Black Juror In Walter Scott Case Opens Up About Mistrial

Dorsey Montgomery II spoke to Today about deliberations and the trial.

The jury foreman and only black person on the jury in the trial of Michael Slager, the former cop who fatally shot Walter Scott in North Charleston, South Carolina in 2015, is speaking out about how the case resulted in a mistrial on Monday.

In an interview on the Today show Thursday, Dorsey Montgomery II said that contrary to what media outlets have reported, the mistrial isn’t the result of just one deadlocked juror who wasn’t convinced that Slager was guilty.

“We had one individual who was just deadlocked that he wasn’t changing, yet we had five individuals who were undecided,” Montgomery told Tamron Hall and Matt Lauer. He added, “I believe we could have deliberated just a little bit more to see if we could sway that particular juror and get those who were undecided to make a decision.”

Slager was charged with the murder of Scott and fired from the police department after cellphone footage came out of Slager shooting Scott in the back as Scott, an unarmed black motorist, fled on foot.

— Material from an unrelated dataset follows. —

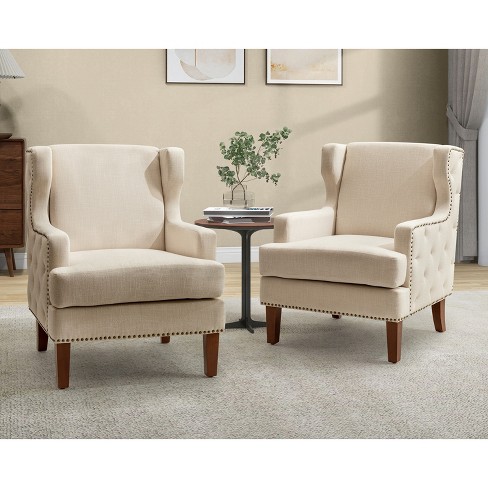 Set Of 2 Gerald Armchair With Recessed Arms And Button-tufted Design ...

Montgomery said that he was prepared to convict Slager initially when they started deliberating. But after the 12-member jury looked at evidence and learned the legal definitions of the charges, the foreman said “we had come to find out he didn’t do anything malicious.” Instead, Montgomery said Slager “had a brief disturbance in reason so based on the law, that would be classified as... voluntary manslaughter.”

The foreman also said he didn’t believe that race played a role in the trial for the majority of the jurors. But he said that “due to the society that we live in, race will always be a factor.”